YOUR GOAL:
From the line with "4-Tier Shelving Unit" through the line with "E-Procurement Tender Notice", inclusive, return each line of the data below exactly and leave the rest out.

EXCERPTED RECORDS:

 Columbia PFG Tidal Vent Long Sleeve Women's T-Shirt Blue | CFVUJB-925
---
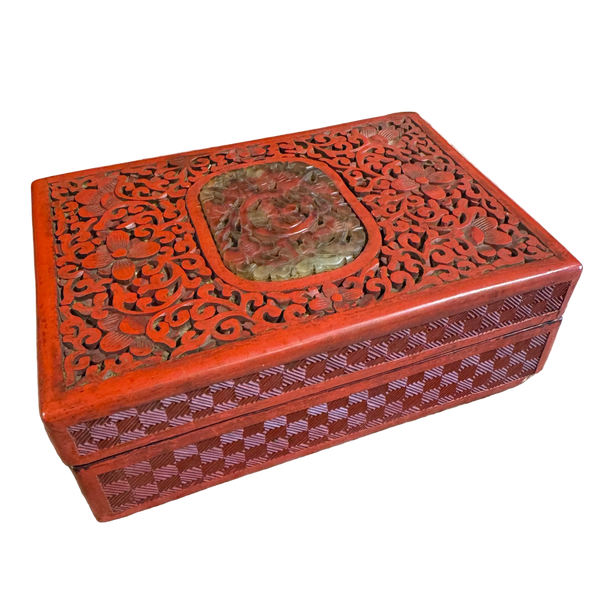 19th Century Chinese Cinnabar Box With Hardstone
* * *
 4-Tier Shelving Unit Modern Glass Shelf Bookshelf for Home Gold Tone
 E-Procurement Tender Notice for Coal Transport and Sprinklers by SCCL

WRITTEN ANSWER:
 4-Tier Shelving Unit Modern Glass Shelf Bookshelf for Home Gold Tone
 E-Procurement Tender Notice for Coal Transport and Sprinklers by SCCL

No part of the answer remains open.